Design for the future of public health

Better partnerships, sustainability, and governance provide exciting prospects for what can be accomplished in open-source public health projects in the coming years. As Jim St. Clair (LFPH) mentioned in the TechXPO panel: “How do we then leverage these partnerships to ask ‘What else is there about disease investigative technology that we could consider? What other diseases, what other challenges have public health authorities always had?’” These challenges will not be tackled through closed source solutions—rather, the success of interoperable, open-source credentialing and exposure notifications systems during the pandemic has shown that open-source has the upper hand when creating scalable, successful, and international solutions.

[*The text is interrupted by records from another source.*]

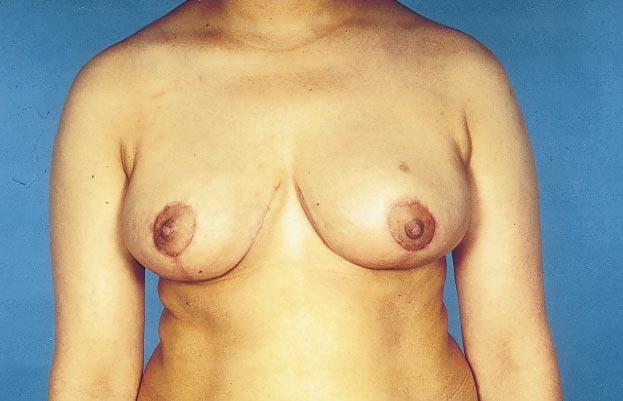 (B) Twelve months after reduction mammaplasty with the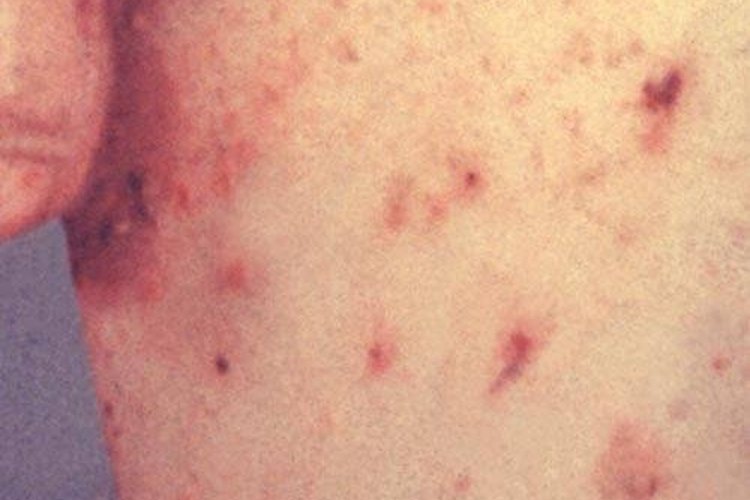 Scabies rash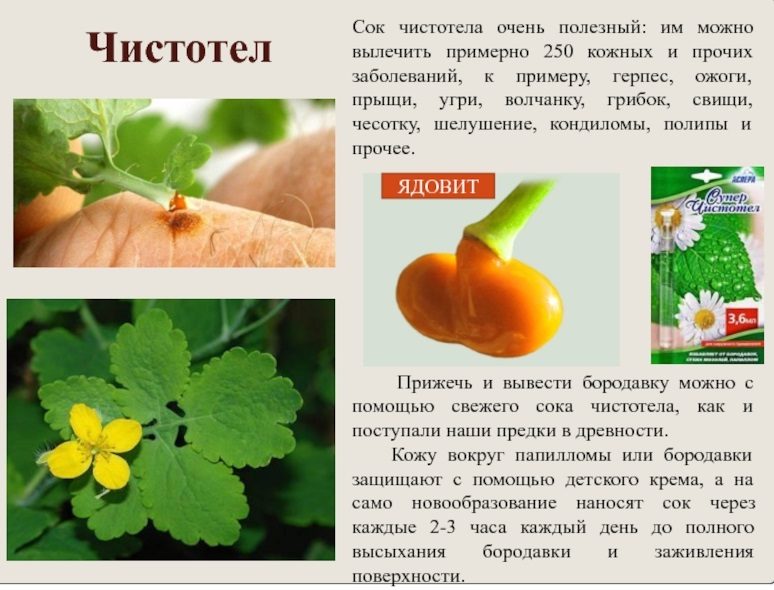 Как правильно прижечь бородавку чистотелом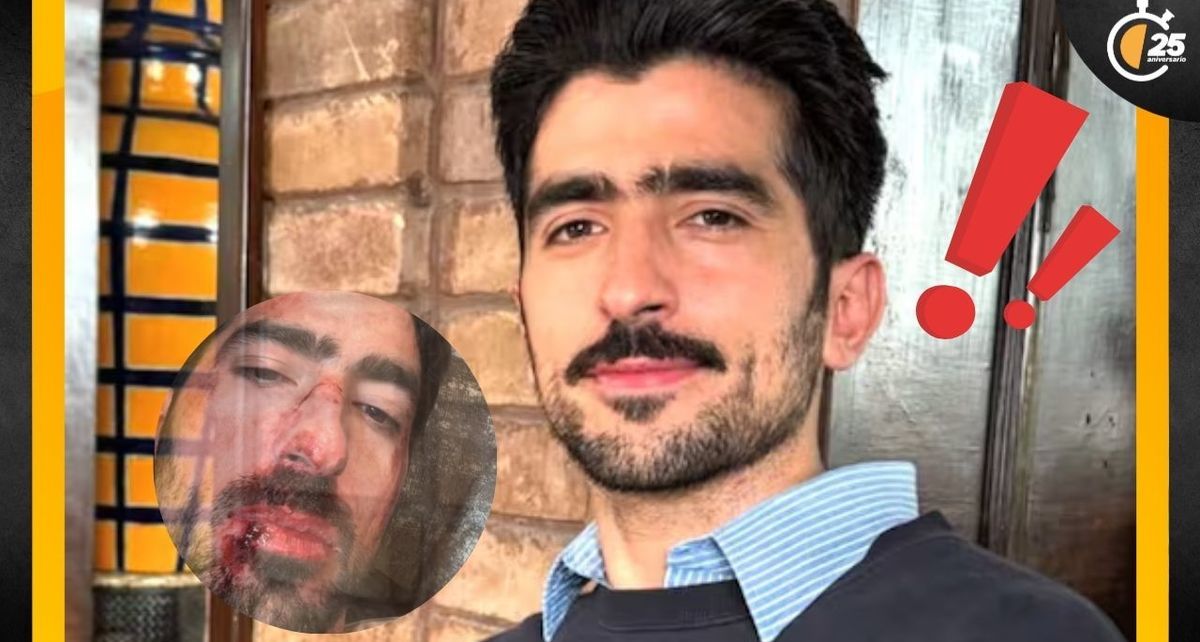 El influencer Jezzini publica fuerte imagen que preocupa a sus seguidores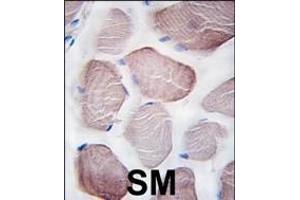 Formalin-fixed and paraffin-embedded human skeletal muscle tissue reacted with hPI3KC3 (C-term) (ABIN388591 and ABIN2849999) , which was peroxidase-conjugated to the secondary antibody, followed by DAB staining. (PIK3C3 Antikörper  (C-Term))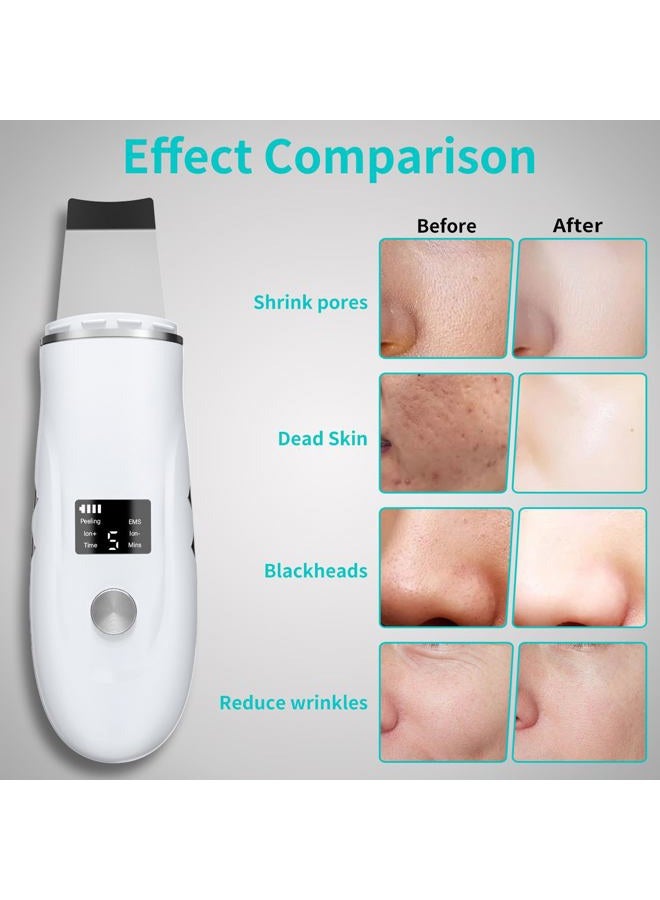 QYCSL Skin Scrubber Face Spatula - 4-in-1 Deep Cleansing Tool for Pore Extraction, Fast Charging Dock Blackhead Remover Face Spatula for Facial Skincare Women Gift (White) - Image 3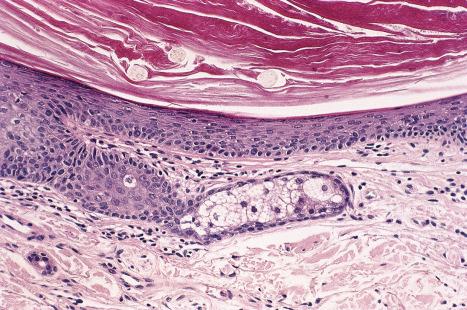 Fig. 34.14, Open comedone: the wall is composed of squamous epithelium. In addition to keratin, there are three pale-staining vellus hairs. Note the atrophic sebaceous gland.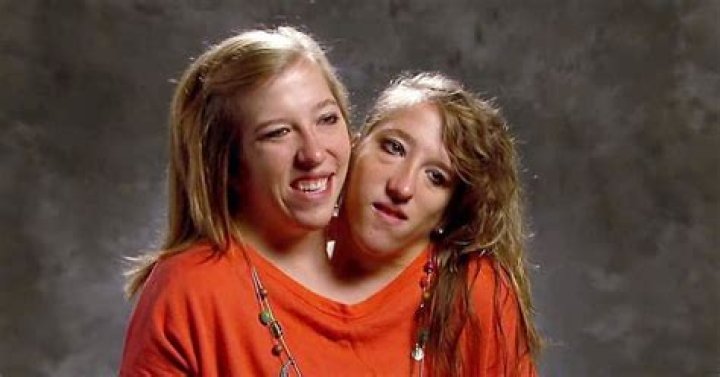 Miracle Of Life: Conjoined Twins Abby And Brittany Hensel Expecting Child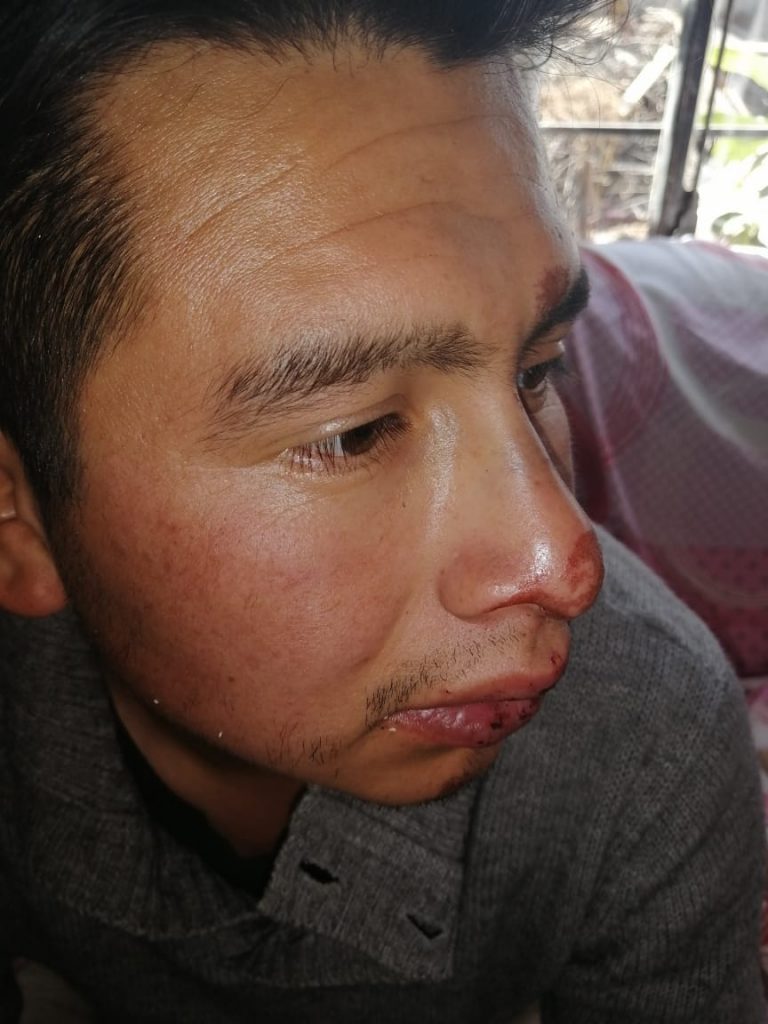 Policías Municipales de Amozoc propinan tremenda golpiza a joven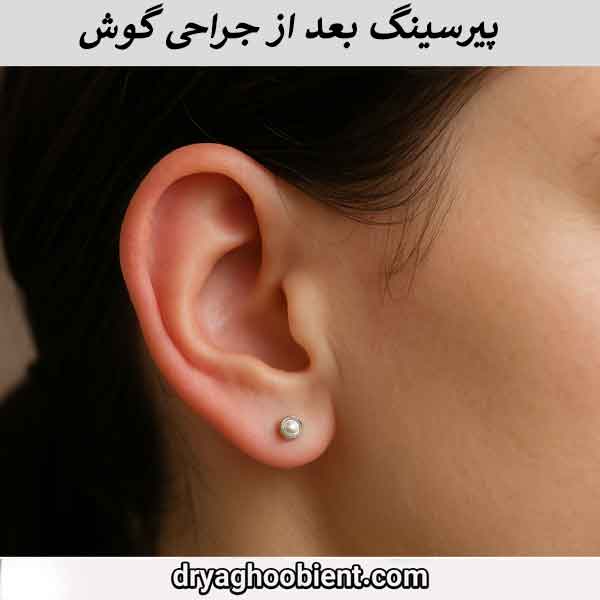 Is ear piercing dangerous after otoplasty surgery? Complete guide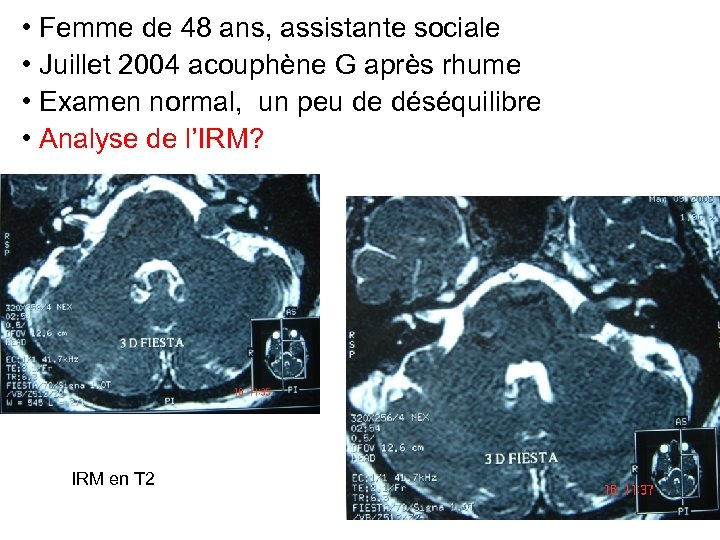  • Femme de 48 ans, assistante sociale • Juillet 2004 acouphène G après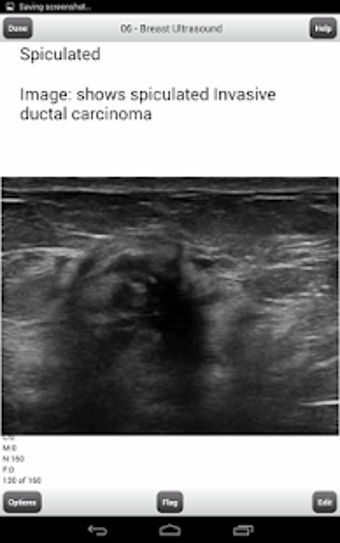 Image 1 for BREAST ULTRASOUND BOARDS …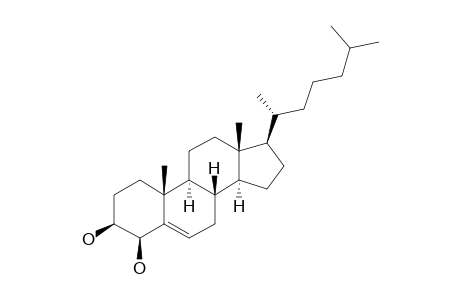 4β-Hydroxycholesterol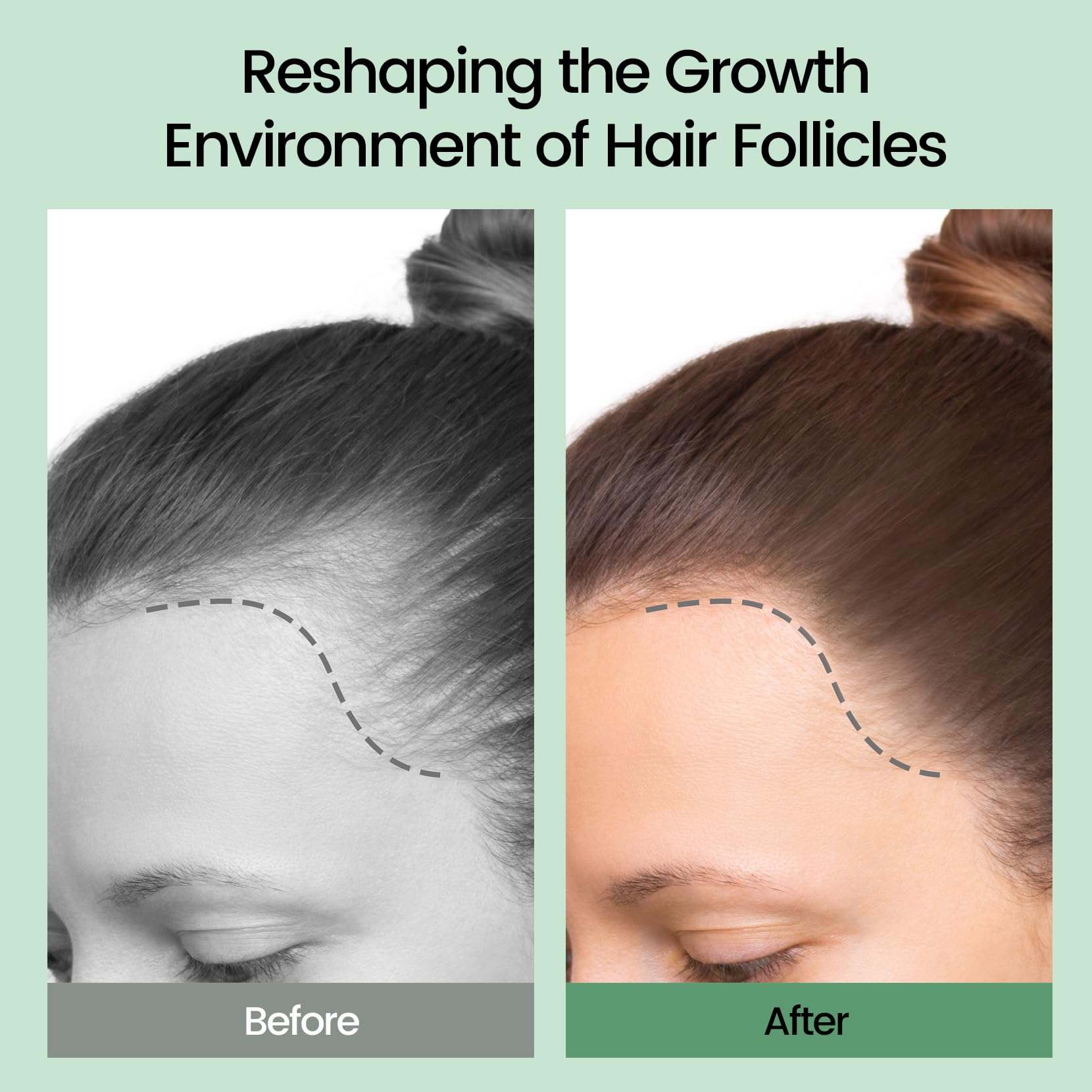 Sysni Rosemary Tea Tree Keratin Shampoo targets hair roots for nourishment.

Jim St. Clair is not only optimistic about tackling new challenges, but also about taking on established challenges that remain pressing: “Now that we’ve had a crisis that enabled these capabilities around contact tracing and notifications… [they] could be leveraged to expand into and improve upon all of these other traditional areas that are still burning concerns in public health.” For example, take one long-running challenge in United States healthcare: “Where do we begin… to help drive down the cost and improve performance and efficiency with Medicaid delivery? … What new strategies could we apply in population health that begin to address cost-effective care-delivery patient-centric models?”

Large-scale healthcare and public-health challenges such as mental health, communicable diseases, diabetes—and even reforming Medicaid—will only be accomplished by consistently bringing all stakeholders to the table, determining how to sustainably support projects, and providing transparent value to patients, populations and public sector agencies. LFPH has pursued a shared vision around leveraging open source to improve our communities, carrying forward the same resolve as the diverse groups that originally came together to create COVID-19 solutions. The open-source journey in public health is only beginning.